PROBLEM TO SOLVE:
Write down the listing again exactly as it appears below, without its pictures.

GIVEN MATERIAL:
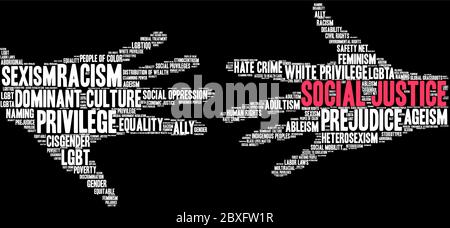 Social Justice word cloud on a black background. Stock Vector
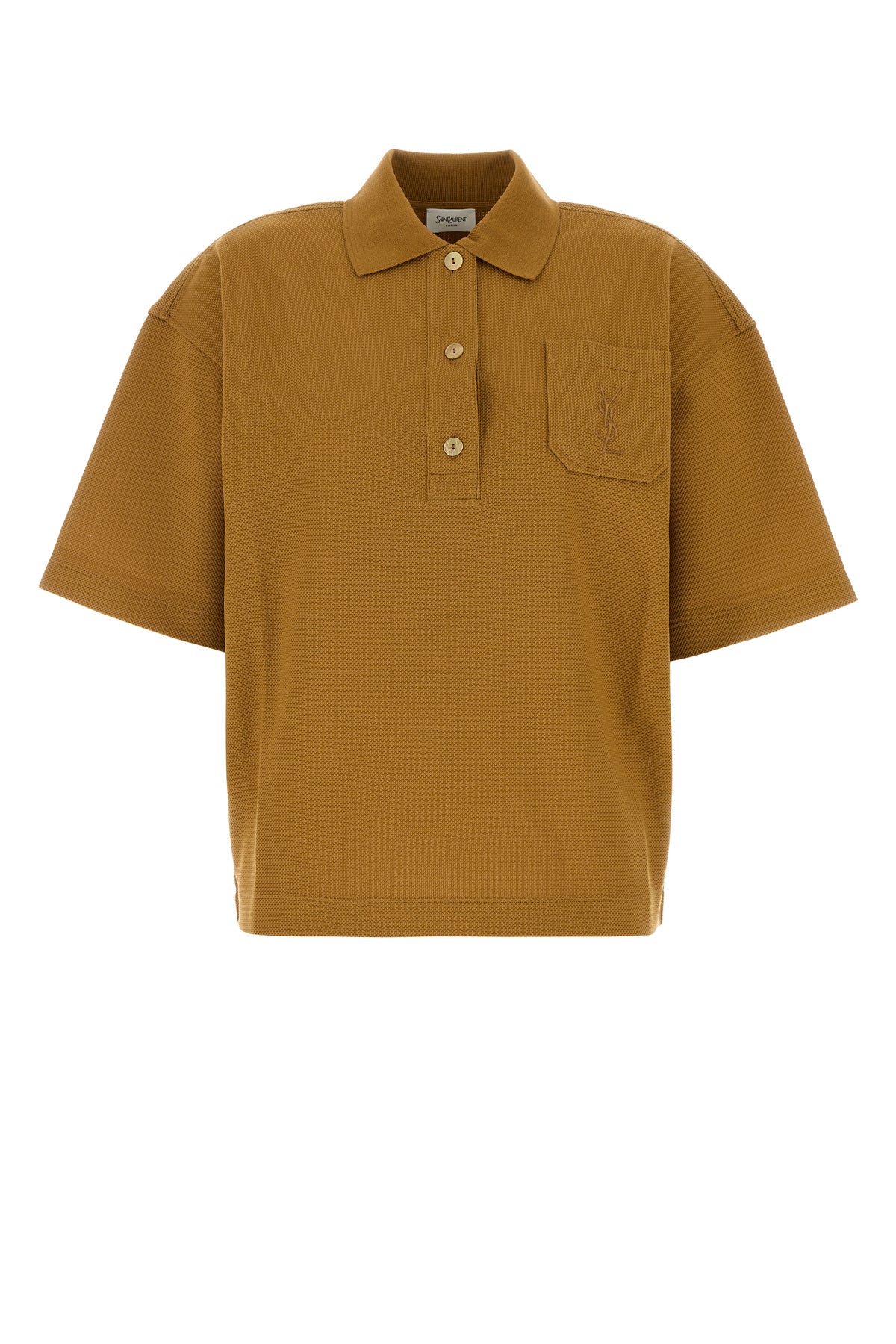 Saint Laurent Polo oversize in piquet ocra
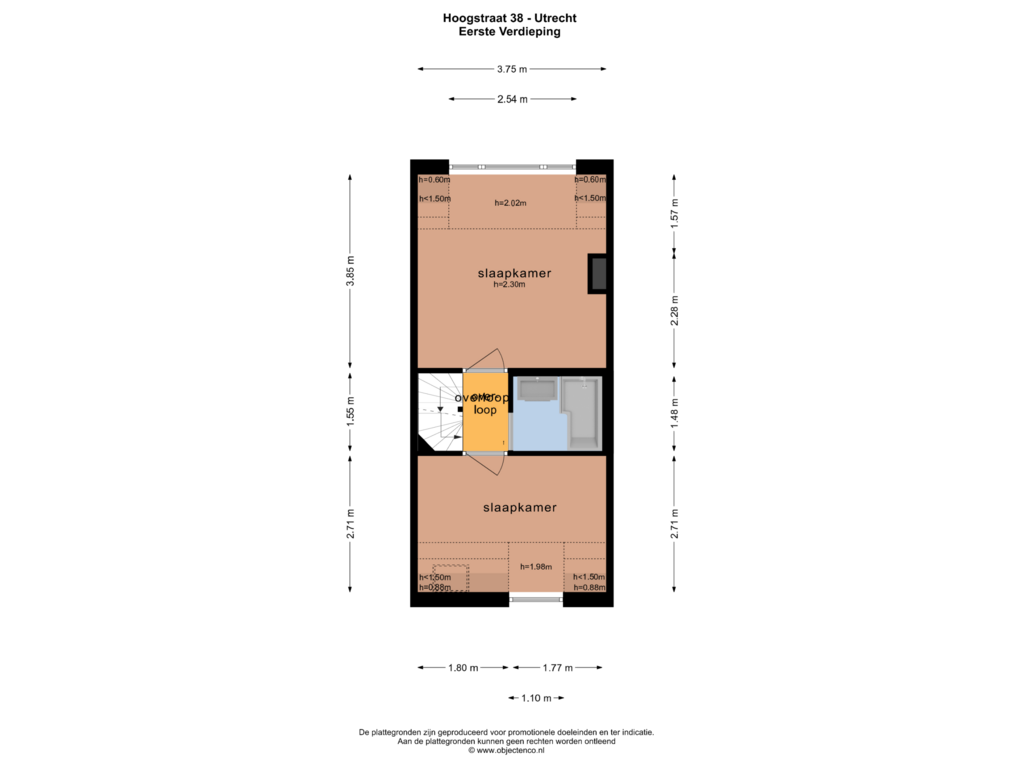 Bekijk plattegrond van EERSTE VERDIEPING van Hoogstraat 38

SOLUTION BELOW:
 Social Justice word cloud on a black background. Stock Vector
 Saint Laurent Polo oversize in piquet ocra
 Bekijk plattegrond van EERSTE VERDIEPING van Hoogstraat 38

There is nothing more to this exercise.